Эренбург хвалил Аполлинера, Пикассо и Шагала. Своим вкусом он питал молодых. Наверное, именно это особливо раздражало начальство. Осенью 62-го года незабвенный Никита Сергеевич на Эренбурга натопал ногами. Через несколько дней я встретил его на вечере поэзии Рафаэля Альберти. Он был нарочито спокоен, даже веселоват. Уже старенький, прозрачный, опытный. Потом мы вместе выступали на вечере памяти Марины Цветаевой. Речь его была полна ироническими полунамеками. Перекинулись несколькими словами. Он, пожалуй, тогда понравился мне.
После очередного начальственного «цыц!» литературе Эренбург, как говорили, впал в депрессию. Мог бы под старость сказать верное слово, но не сказал. То ли сил не хватило, то ли отваги.
У нас за это не судят.
Повторился старый русский сюжет про Герасима и Муму. Полстолетия русские писатели топили своего Муму и вешались. А чаще садились писать оправдательные записки. Эренбург засел за мемуары.
Еще несколько раз я встречал его на вечерах и приемах, последний раз и в чешском посольстве. Потом – был на его похоронах.

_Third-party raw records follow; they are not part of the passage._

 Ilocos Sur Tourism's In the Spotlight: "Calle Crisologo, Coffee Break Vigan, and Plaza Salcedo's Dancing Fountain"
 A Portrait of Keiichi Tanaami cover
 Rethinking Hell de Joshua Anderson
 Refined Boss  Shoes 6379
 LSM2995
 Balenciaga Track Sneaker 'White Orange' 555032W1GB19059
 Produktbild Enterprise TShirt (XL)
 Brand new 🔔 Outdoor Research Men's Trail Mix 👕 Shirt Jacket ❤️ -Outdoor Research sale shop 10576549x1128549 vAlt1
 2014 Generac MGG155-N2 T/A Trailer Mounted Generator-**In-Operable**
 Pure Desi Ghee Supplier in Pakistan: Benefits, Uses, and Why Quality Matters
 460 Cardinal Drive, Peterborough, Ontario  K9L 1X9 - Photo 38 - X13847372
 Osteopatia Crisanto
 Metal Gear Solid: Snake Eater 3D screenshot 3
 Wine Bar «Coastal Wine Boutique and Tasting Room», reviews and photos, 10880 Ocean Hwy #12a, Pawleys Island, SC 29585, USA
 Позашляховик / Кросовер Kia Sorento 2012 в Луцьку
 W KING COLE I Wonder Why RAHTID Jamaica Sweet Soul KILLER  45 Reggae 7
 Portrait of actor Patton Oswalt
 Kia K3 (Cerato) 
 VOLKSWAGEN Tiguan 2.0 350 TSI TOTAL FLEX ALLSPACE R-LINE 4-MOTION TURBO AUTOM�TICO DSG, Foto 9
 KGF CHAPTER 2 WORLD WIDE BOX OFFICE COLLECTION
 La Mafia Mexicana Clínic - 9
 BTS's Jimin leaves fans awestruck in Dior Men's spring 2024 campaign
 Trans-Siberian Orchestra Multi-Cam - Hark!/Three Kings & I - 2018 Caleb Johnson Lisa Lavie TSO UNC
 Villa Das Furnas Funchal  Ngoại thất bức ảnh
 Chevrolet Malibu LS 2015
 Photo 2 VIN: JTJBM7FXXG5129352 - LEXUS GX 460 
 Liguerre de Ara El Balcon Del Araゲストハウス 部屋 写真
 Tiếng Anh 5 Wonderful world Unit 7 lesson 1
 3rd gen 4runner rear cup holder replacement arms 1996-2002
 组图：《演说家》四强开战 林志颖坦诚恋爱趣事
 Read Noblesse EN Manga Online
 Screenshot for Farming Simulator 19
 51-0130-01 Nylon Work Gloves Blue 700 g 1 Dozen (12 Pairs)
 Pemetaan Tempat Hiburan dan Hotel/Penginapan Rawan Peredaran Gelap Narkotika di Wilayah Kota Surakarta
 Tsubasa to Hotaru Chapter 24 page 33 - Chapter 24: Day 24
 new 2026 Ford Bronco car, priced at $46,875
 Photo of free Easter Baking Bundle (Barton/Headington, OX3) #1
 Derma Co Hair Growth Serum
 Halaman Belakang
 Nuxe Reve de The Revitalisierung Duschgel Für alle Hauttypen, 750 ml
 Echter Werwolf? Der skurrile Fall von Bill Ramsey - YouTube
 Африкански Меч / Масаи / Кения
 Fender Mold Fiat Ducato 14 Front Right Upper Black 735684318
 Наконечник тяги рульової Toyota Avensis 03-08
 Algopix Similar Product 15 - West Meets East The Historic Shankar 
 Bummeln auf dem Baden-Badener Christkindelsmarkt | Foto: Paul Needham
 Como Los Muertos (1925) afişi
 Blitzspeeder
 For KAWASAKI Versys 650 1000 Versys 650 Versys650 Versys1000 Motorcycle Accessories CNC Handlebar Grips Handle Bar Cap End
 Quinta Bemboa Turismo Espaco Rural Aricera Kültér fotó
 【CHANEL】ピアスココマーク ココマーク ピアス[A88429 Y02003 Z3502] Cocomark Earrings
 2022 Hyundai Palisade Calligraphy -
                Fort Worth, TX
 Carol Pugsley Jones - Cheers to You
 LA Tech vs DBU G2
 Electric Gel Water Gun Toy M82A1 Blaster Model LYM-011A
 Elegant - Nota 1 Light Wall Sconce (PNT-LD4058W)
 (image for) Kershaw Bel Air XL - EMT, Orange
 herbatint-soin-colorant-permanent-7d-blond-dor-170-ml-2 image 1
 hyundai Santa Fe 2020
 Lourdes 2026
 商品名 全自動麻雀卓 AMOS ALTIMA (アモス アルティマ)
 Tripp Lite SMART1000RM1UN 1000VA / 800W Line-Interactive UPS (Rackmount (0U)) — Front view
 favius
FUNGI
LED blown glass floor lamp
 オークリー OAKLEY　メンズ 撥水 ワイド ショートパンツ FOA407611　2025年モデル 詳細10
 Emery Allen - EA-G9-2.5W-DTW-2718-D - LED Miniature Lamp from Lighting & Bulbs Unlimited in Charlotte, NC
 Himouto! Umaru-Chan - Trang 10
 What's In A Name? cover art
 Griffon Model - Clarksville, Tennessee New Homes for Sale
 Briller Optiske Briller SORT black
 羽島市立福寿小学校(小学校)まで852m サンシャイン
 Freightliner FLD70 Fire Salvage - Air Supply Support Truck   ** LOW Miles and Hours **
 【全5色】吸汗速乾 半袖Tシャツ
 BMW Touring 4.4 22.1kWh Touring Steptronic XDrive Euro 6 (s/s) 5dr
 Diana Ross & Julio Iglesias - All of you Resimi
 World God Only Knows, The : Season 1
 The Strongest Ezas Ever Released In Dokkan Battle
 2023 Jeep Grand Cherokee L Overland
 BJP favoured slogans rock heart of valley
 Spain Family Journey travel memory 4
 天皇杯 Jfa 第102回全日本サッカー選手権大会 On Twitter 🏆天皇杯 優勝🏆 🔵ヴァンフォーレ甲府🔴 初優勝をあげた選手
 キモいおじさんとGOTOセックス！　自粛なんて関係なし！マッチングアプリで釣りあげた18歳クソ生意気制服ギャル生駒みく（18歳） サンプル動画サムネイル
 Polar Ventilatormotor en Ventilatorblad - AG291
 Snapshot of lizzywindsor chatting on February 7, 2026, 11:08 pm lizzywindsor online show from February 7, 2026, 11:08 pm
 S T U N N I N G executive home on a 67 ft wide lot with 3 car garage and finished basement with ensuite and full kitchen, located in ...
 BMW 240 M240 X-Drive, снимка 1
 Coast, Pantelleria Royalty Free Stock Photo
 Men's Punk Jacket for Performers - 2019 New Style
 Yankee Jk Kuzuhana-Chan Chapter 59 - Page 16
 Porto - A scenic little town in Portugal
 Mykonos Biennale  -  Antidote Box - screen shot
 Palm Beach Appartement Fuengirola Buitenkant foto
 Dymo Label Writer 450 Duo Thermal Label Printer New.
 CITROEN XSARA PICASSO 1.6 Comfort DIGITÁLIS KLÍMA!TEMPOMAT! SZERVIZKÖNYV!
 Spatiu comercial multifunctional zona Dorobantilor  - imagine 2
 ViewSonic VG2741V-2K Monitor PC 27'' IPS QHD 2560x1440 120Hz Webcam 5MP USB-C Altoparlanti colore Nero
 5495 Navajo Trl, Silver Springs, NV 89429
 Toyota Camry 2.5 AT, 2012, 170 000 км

…Мое запоздалое слово о нем не из веселых. Клубок памяти размотался не на месте.
Вздохнув, возвращаюсь в февраль 44-го года. Эренбург мне помог уехать на фронт. И, может быть, что-то понять.
Скоро ли после этой войны любовь к России сможет выражаться по-щедрински? Вероятно, законная гордость победителей у мещан взыграет, обратится в бахвальство, и невежество задерет нос. Рядом с политическим процессом традиционализации (стратегия или тактика?) это будет помехой нашей литературе. Ибо понимать умное на Руси можно заставить лишь «сверху». У нас гораздо больше добрых, чем умных.
Пожалуй, все добрые, если позволят обстоятельства.
Такова последняя тыловая запись в самодельном блокноте 44-го года.
Белоруссия родная, Украина золотая…
В Гомеле я разыскал штаб 1-го Белорусского фронта. А в штабе – разведотдел.
Майор Саркисов – лысый, лопоухий армянин, к которому мне надлежало явиться, сразу же наорал на меня за опоздание. Выходило, что именно меня здесь с нетерпением ожидали и из-за меня срывалось какое-то важное мероприятие. Откричавшись, майор задумался. Дело в том, что в его штатном расписании значились лишь офицерские должности. Ефрейтор, даже откомандированный Генеральным штабом, ему не полагался.
Саркисов предложил направить меня в Военный институт иностранных языков. Это не входило в мои планы.
Досадливо пожав плечами, он отпустил меня отдыхать, пообещав вскоре известить о решении.
Майор меня невзлюбил с первого взгляда непонятно почему. И до конца войны обходил званиями и наградами.
Лева Безыменский меня не ожидал. Трудно было поверить, что фиктивная бумажка с вызовом может повлиять на мою судьбу. Впрочем, встреча наша была сердечной. Я поселился у Левы, и первое время не было конца разговорам и общим воспоминаниям.